* _What is expected_
All entries must be repeated exactly. No picture should appear in the result.

* _Extracted material_

|---|

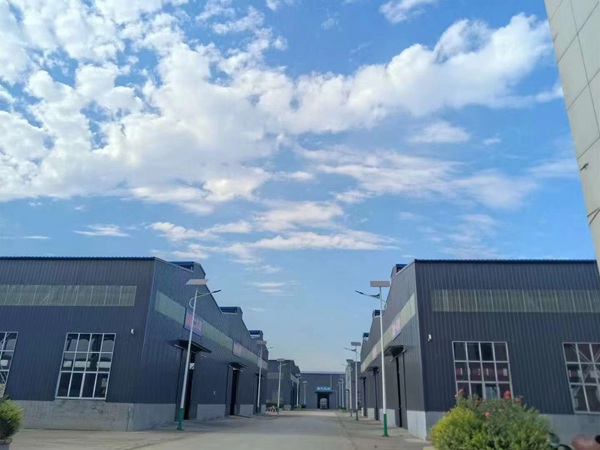 公司場(chǎng)景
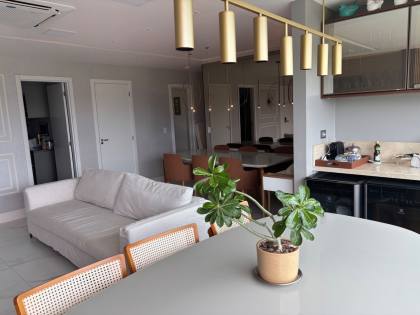 Apartamento 3 suítes 2 vagas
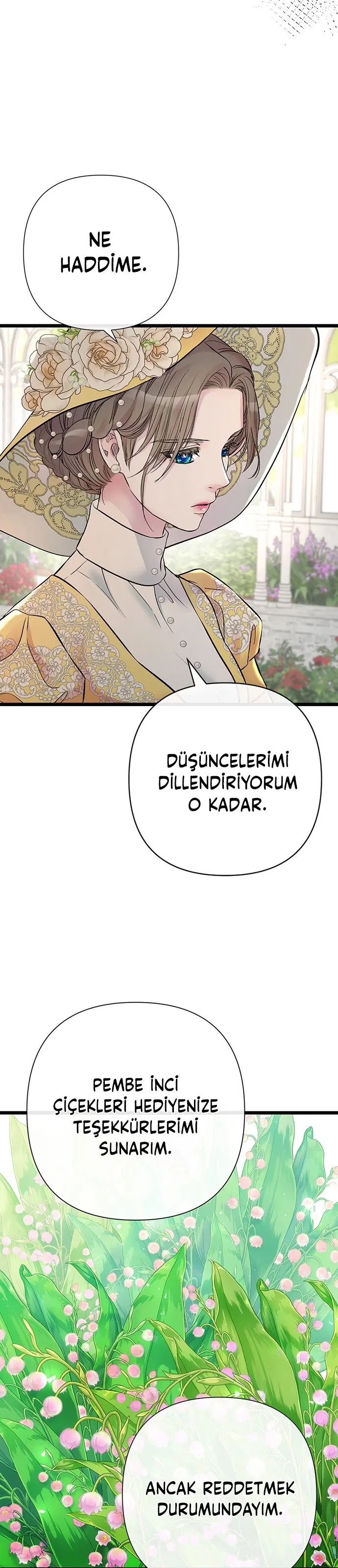 The Problematic Prince - Bölüm 50 - Sayfa 33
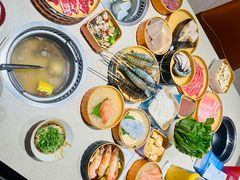 -海底捞大排档火锅(打浦路店)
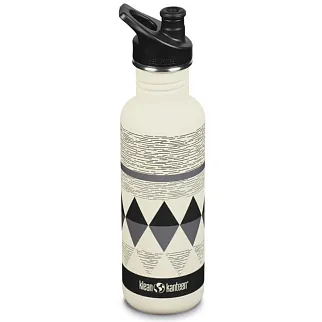 Бутылка Klean Kanteen NEW Classic Sport 27oz (800 мл) Pepper Ridge  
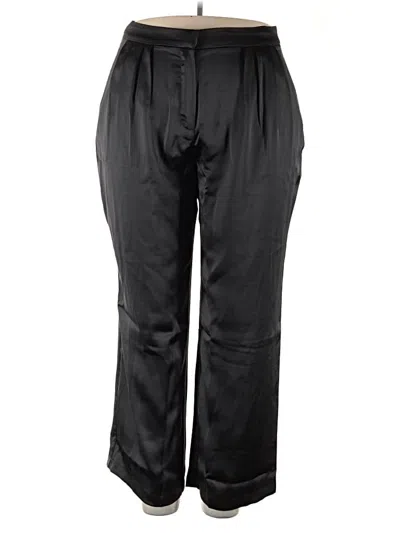 Vero Moda Casual Pants In Black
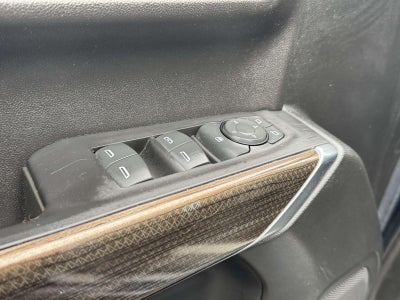 2021 Chevrolet Silverado 1500 4WD Crew Cab Short Bed LT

|---|

* _Final answer_
 公司場(chǎng)景
 Apartamento 3 suítes 2 vagas
 The Problematic Prince - Bölüm 50 - Sayfa 33
 -海底捞大排档火锅(打浦路店)
 Бутылка Klean Kanteen NEW Classic Sport 27oz (800 мл) Pepper Ridge  
 Vero Moda Casual Pants In Black
 2021 Chevrolet Silverado 1500 4WD Crew Cab Short Bed LT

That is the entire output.